The team has responded in a unique way: scooters.
To junior Hudson Taylor, the solution was simple. “It took forever [to walk], and I was like might as well just bring a scooter,” he said
However, Taylor’s teammates didn’t recognize the genius of his idea at first.
“Everyone saw it and started laughing, but then they realized it was a good idea and started doing it,” he said.
Both Taylor and Crosby use the “standard Razor scooter,” but the other modes of transport are nothing short of creative.
“People started using all kinds of random things, roller blades, skates — even hoverboards,” Taylor said.
Senior players Matthew Tootle and Porter Messick view the trend as “innovative and hilarious.”
Messick said that the older players enjoy “watching them as they scooter over. It’s funny.” Tootle added, “And it cuts the time in half.”
While they like looking on from afar, the seniors are glad it isn’t them. “I’m just happy that we had better parking,” Messick said.
Fortunately, none of the players have sustained any life-threatening injuries doing this; however, Messick recalled seeing Taylor “fall into a pit once,” and Crosby himself admitted to “falling over once.”
But these few accidents have not been a deterrent for the group, though. When asked how fast they go, Crosby responded, “As fast as possible.”
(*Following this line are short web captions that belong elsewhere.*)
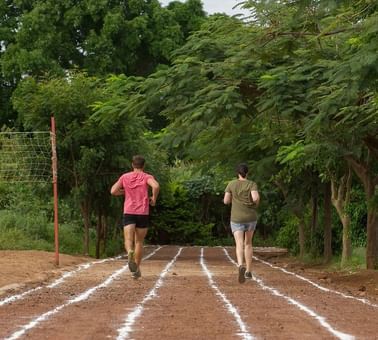 A Couple jogging on a track near Lake Manyara Serena Lodge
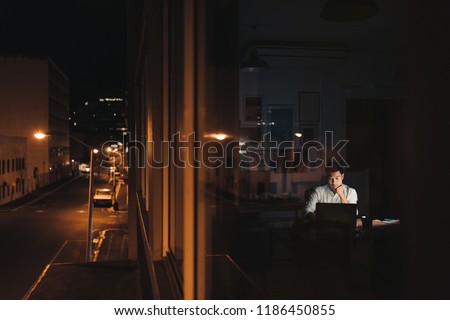 Young Asian businessman sitting at his desk working on a laptop late at night behind office building windows in the city at night Royalty-Free Stock Photo #1186450855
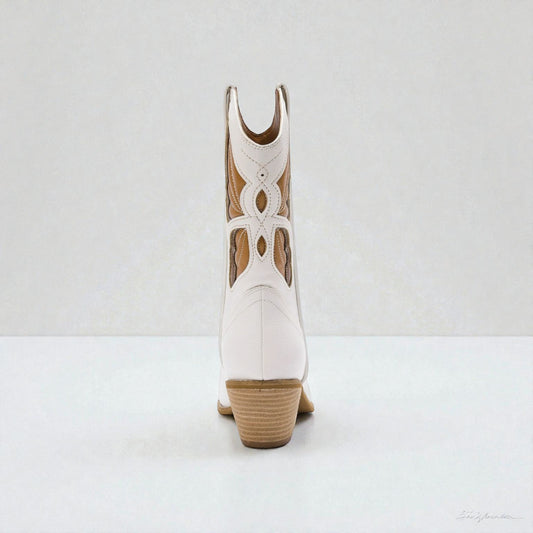 White cowboy boot with brown accents on a white background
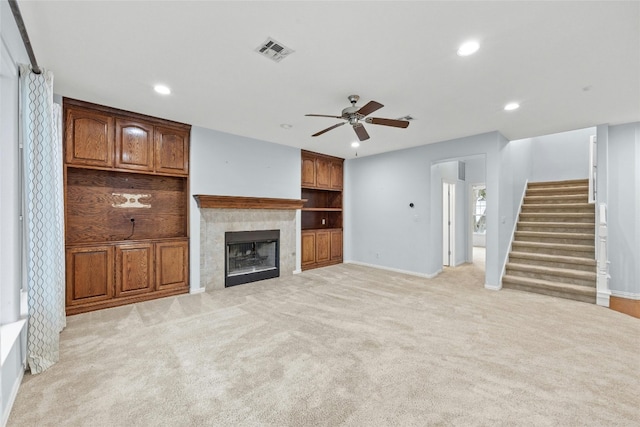 unfurnished living room with light colored carpet and ceiling fan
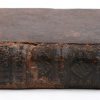 Twee oude boeken in lederen band: - “Sacrosancti et oecumenici concilii tridentini”. Antwerpen, 1644.- “Dwalende rave huiten de arke van Noë”. Antwerpen, 1757.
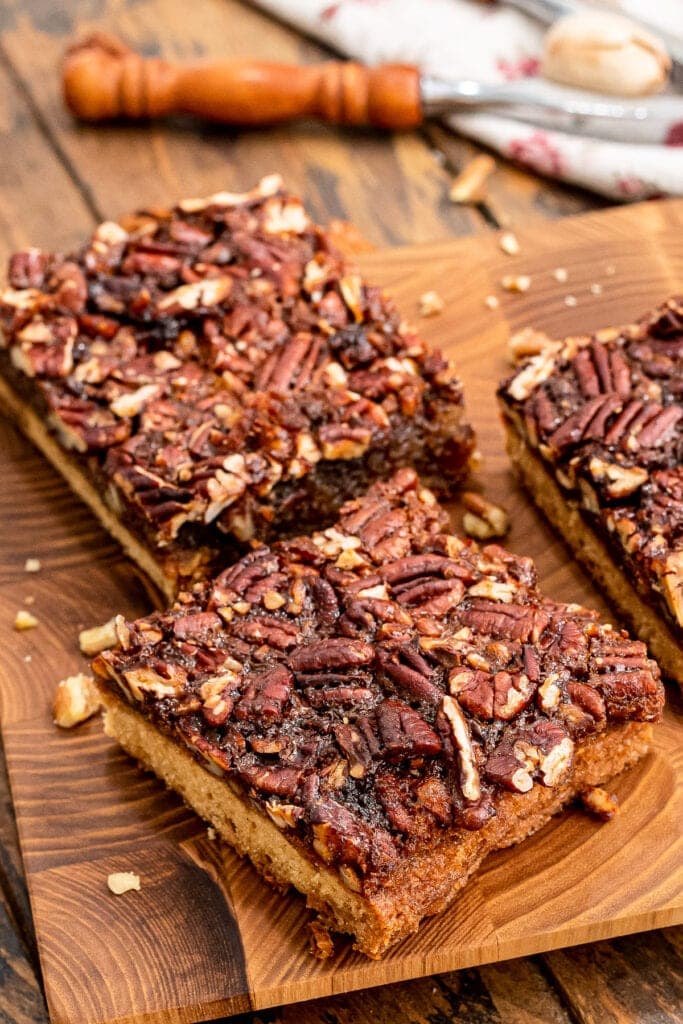 Cut pecan pie bars on board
The current juniors are not planning to continue the trend into their senior year, but Crosby hopes that it might live on.
“I do see it becoming a junior tradition as long as junior football players continue to park on Johnson,” he said.
Taylor, the brains behind the operation, shares Crosby’s sentiment. In the case that this trend becomes a tradition, he said he would enjoy being credited for its beginning.